La France qui vote est-elle représentative de l’ensemble des électeurs ? Vieux débat en science politique, mais qui prend une tonalité d’autant plus prégnante à mesure que l’abstention progresse. Céline Braconnier et Jean-Yves Dormagen s’inquiétaient que les catégories populaires, qui constituent une « majorité sociale », ne deviennent une « minorité électorale »5. C’est effectivement ce qui est en train d’arriver. Les ouvriers représentent encore 12 % de la population française et 19 % de la population active, les employés 12, 5 % et 20, 5 % des actifs. Or, si on reprend les chiffres de l’enquête « jour du vote » d’Opinion Way de juin 2021, les premiers ne comptent plus que pour 8 % des votants et les seconds pour 9 %. Les seuls groupes ayant vu leur poids progresser sont les cadres, passant de 14 % à 17 % et les retraités, de 32, 5 % à 36, 5 %.

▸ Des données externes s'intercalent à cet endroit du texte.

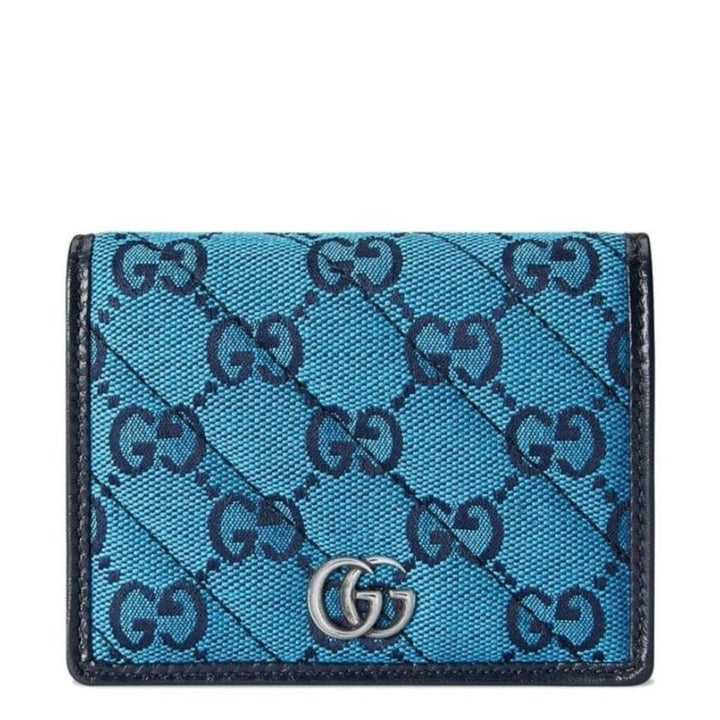 Gucci-Blue Gg Marmont Multicolor Wallet - Runway Catalog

Surreprésentant les classes supérieures, les urnes de 2021 sont également grisonnantes : selon les différentes enquêtes réalisées par les instituts, on peut estimer que les plus de 65 ans ont pesé de 1, 3 à 1, 5 fois plus dans les urnes que dans la population, tandis que les moins de 35 ans ont pesé entre 0, 5 et 0, 8 fois leur poids. Bien sûr, les abstentionnistes sont divers, tant en termes de valeurs, de priorités que de conditions sociales. Vraisemblablement, s’il y avait plus de participation, certains choisiraient la gauche, d’autres se porteraient sur le Rassemblement national. Mais il est certain que le profil social et générationnel de la France qui a voté en 2021 – et qui semble prête à le faire en 2022 – penche à droite, et que ses priorités ne sont pas forcément celles de ces citoyens silencieux.

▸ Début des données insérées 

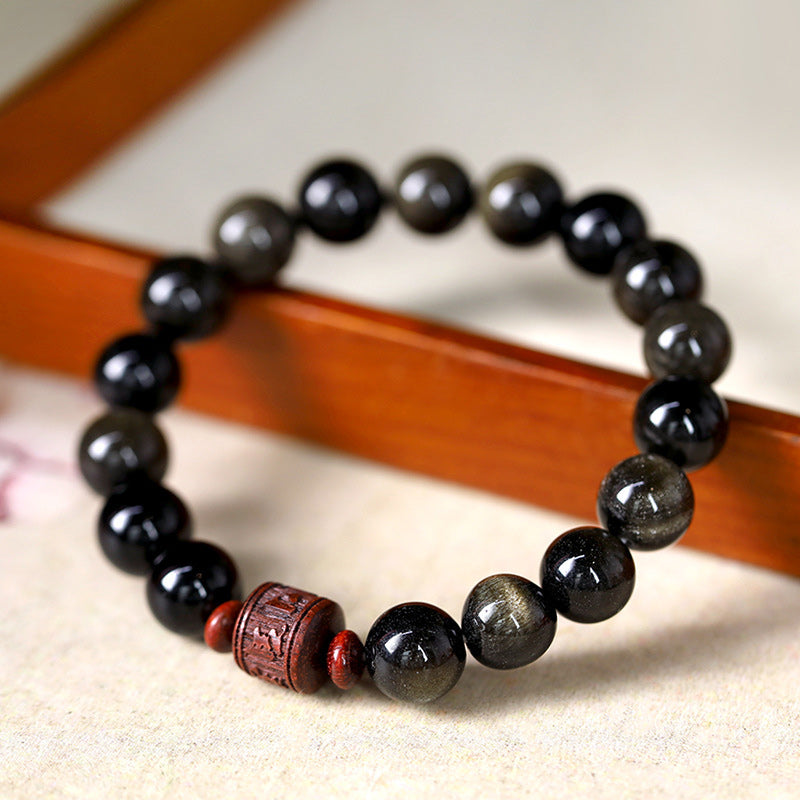 KarmaRipple's Authentic Gold Sheen Obsidian Rainbow Obsidian Om Mani Padme Hum Fu Character Balancing Bracelet p1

Une droitisation des valeurs ?

Alors, au-delà du vote, les valeurs des citoyens français ont-elles effectivement basculé vers la droite ? Rappelons d’abord que, parmi l’ensemble des résultats produits par les enquêtes d’opinion ces derniers mois, seuls certains retiennent l’attention des médias. Dans l’enquête Fractures françaises de 2021, 42 % des répondants s’inquiètent du niveau de la délinquance, et 34 % du niveau de l’immigration, ce qui alimente les débats médiatiques6. Que dire alors des répondants préoccupés par l’avenir du système social (46 %), la protection de l’environnement (41 %) ou le pouvoir d’achat (40 %) ? De même, un sondage Harris Interactive d’octobre 2021 a eu les faveurs de la presse en testant la perception du « grand remplacement » – thèse pourtant régulièrement invalidée par les démographes –, dont 61 % des répondants estimaient qu’il va « certainement » ou « probablement » se produire. En revanche, dans cette même enquête, 77 % des répondants se disaient favorables à une augmentation du Smic à 1 800 € bruts par mois, ce qui n’a guère été débattu.

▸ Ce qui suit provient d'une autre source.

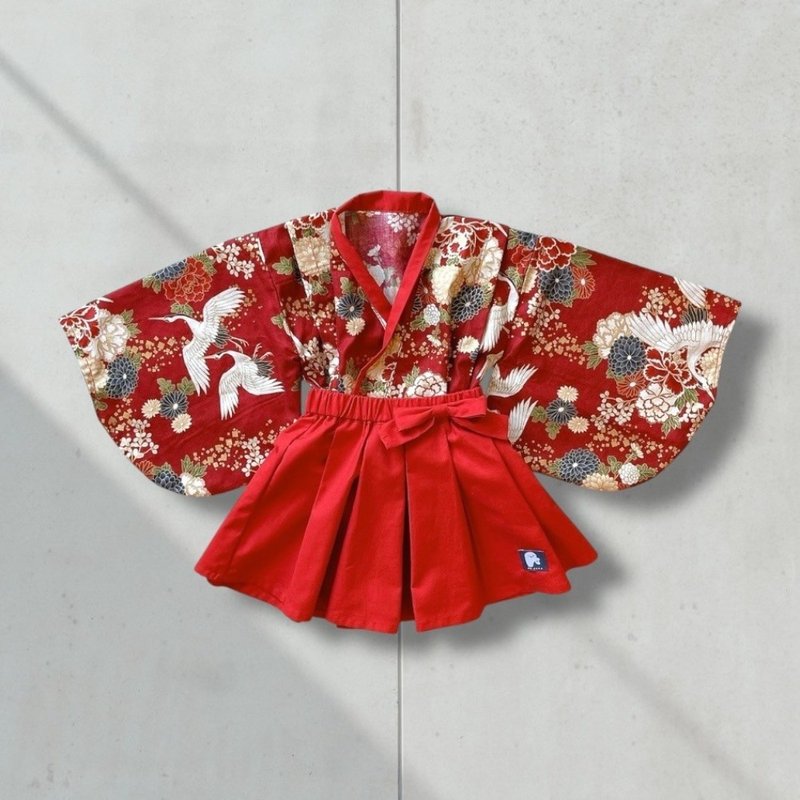 长红金鹤 - 新日本和服 ( 裙 ) - 童装裙 - 棉．麻 多色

Parler de droitisation n’a de sens qu’à condition de mobiliser une approche diachronique.

Mais surtout, parler de droitisation n’a de sens qu’à condition de mobiliser une approche diachronique. Il faut qu’il y ait un avant et un après, et que l’on puisse mesurer une évolution. James Stimson a développé une méthode qui permet de mesurer de manière fine les évolutions des opinions dans le temps7. Il a ainsi développé le concept de public policy mood qui rend compte des évolutions annuelles des demandes de redistribution aux États-Unis de 1952 à 2020. Il a notamment montré que l’élection de Ronald Reagan n’est pas due à la seule personnalité de cet ancien acteur, mais bien à une baisse des demandes de redistribution tout au long des années 1970, ou bien que l’élection de Barack Obama a été possible parce que les demandes de redistribution n’ont cessé de remonter entre 1994 et 2008, pour atteindre un niveau proche de celui du début des années 1960. Les moods, ou « humeurs », sont constitués d’un ensemble de questions qui vont être agrégées pour obtenir un indice permettant de comparer dans le temps une dimension de valeurs qui intéresse les chercheurs. Dans le cas français, James Stimson, Cyrille Thiébaut et moi-même avons ainsi rassemblé les données qui nous permettent de construire un indice longitudinal de préférences sociales8 et j’ai élaboré un indice longitudinal de tolérance9 à partir du baromètre « racisme » de la Commission nationale consultative des droits de l’homme. Le premier agrège l’ensemble des séries de questions qui renvoient aux demandes de redistribution, aux impôts, à la taille de l’État, c’est-à-dire aux enjeux socioéconomiques. On compte ainsi 108 séries de questions et 723 points de mesure, qui englobent la période 1978-2021. L’indice longitudinal de tolérance assemble les questions relatives à l’immigration, à la xénophobie, aux attitudes face aux minorités. Il compte 69 séries de questions et 878 points de mesure et couvre la période 1990-2019.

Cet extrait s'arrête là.